En el Oeste el sol se despereza a las cinco de la madrugada y baña de luz la costa hasta las nueve de la noche. Para entonces hemos pasado Coos Bay, el pueblo más grande de la zona, salpicado de aserraderos, y Port Orford, una pequeña aldea que esconde algunas de las mejores vistas y no se las regatea a los visitantes. ‘Ocean View Here’ (vistas del mar aquí), dice en letras gigantescas pintadas en el asfalto. Eso en caso de que se hallan cansado de juguetear con los senderos que entran y salen de la 101, porque la carretera escénica sabe cómo mantener la atención del viajero.

Lo que uno no puede perderse en el Oeste es la puesta de sol, así que a las nueve de la noche toca aparcar frente al mar. Como su nombre indica, el Irish Rusty Lodge es un motel oxidado que sin embargo ofrece chimeneas y vistas al Pacífico. Hay que darse prisa, porque cuando el astro desaparece del cielo cierran los restaurantes, que esto no es Marbella sino el plácido Oregón de los hippies.

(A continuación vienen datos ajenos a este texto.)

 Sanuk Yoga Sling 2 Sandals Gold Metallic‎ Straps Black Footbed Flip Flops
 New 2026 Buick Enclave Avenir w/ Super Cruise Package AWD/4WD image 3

Al ayuntamiento de Gold Beach le ha dado hoy por pavimentar las calles del muelle donde se alinean los pocos restaurantes de pescado. ‘Cerrado hasta que acabe la pavimentación’, dicen los carteles. Y así es como acabamos en ‘El Nido del Cuervo’, en uno de los callejones del puerto «donde se esconden todos los locos», anuncia Lin, la camarera, una vez que ha superado la desconfianza hacia la recién llegada.

"Estás genial cariño"

La primera reacción ha sido: «Oye, bonita, espero que traigas contigo una identificación. ¿Tienes más de 21 años?», dice con cara de pocos amigos. «41», la tranquilizo. Lin supera la sorpresa con una carcajada sonora que resuena en todo el bar desolado y por si alguien no la ha oído se lo cuenta a los cinco clientes que tiene sentados en la barra. «¿Os podéis creer que le he pedido la identificación y dice que tiene 41? Estás genial, cariño, ¡no tienes ni una arruga!».

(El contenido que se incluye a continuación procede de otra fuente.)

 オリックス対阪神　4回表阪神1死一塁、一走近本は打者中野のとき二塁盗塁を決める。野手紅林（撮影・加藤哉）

El menú se compone de pizza, alitas de pollo y tacos de pescado, que por supuesto son congelados pese a estar junto al mar. Para esta pescetariana que se niega a comer carne y se resiste al trigo es la única opción, junto a un vaso de agua. A Lin le decepciona el pedido, si no hay cerveza no tiene excusa para ver la identificación, pero no le importa, no piensa quedarse con la duda. «¿Me enseñas tu identificación?», más que preguntar casi ordena. La mira del derecho y del revés, no vaya a ser falsificada, y se acaba conformando. «Estás genial, cariño, ¡no tienes ni una arruga! ¿Os podéis creer que tiene 41 años? Viene de Nueva York».

En la pared cuelga una página de periódico en la que el sherif ha publicado los retratos del antes y el después de varios adictos a la metanfetamina que han terminado en la cárcel, a ver si así desanima a los incipientes. A alguien le ha llegado tanto al corazón que incluso la ha plastificado. Esta corresponsal la mira con el mismo escrutinio que Lin el carnet de conducir neoyorquino y de pronto le encuentra un ligero parecido con la mujer del periódico en alguna de sus etapas intermedias. «Si quieres evitar las arrugas, bonita, mira lo que te metes en el cuerpo», dan ganas de decir, pero no está el ambiente para chulear. Estos locales no tienen cara de amistosos, aunque los aspavientos de la camarera les hayan dado excusa para interactuar con la forastera.

Kevin, que se mudó a Oregón desde su Montana natal, pide otra pinta de cerveza mientras cuenta que su hijo de 16 años quiere ser profesor de español porque en esa zona no hay ninguno. «Todo el mundo dice ‘BarSelona’ pero él pronuncia ‘BarZelona’», presume exagerando el ceceo. Y luego vienen las preguntas que dejan a esta corresponsal con cara de póquer. «¿Por qué es el portugués tan distinto del español estando al lado? ¿Será porque en España tenéis vascos o por el tiempo que pasaron allí los moros? El francés, el alemán, el italiano... Todos tienen algo de inglés, pero el español ¡me suena como una lengua extranjera, no cojo ni una palabra!», protesta.

Es difícil abordar la conversación desde esos paradigmas, pero no se le puede dejar con la idea de que todas las lenguas europeas menos el español derivan del inglés, así que le hablo de algo que le deja con el ceño fruncido: El latín. Es mejor aprovechar la sorpresa para retirarse, mientras Lin se cepilla el pelo compulsivamente detrás de la barra, víctima de un ataque de inseguridad. «Nacidos para pescar, Obligados a trabajar», reza un cartel.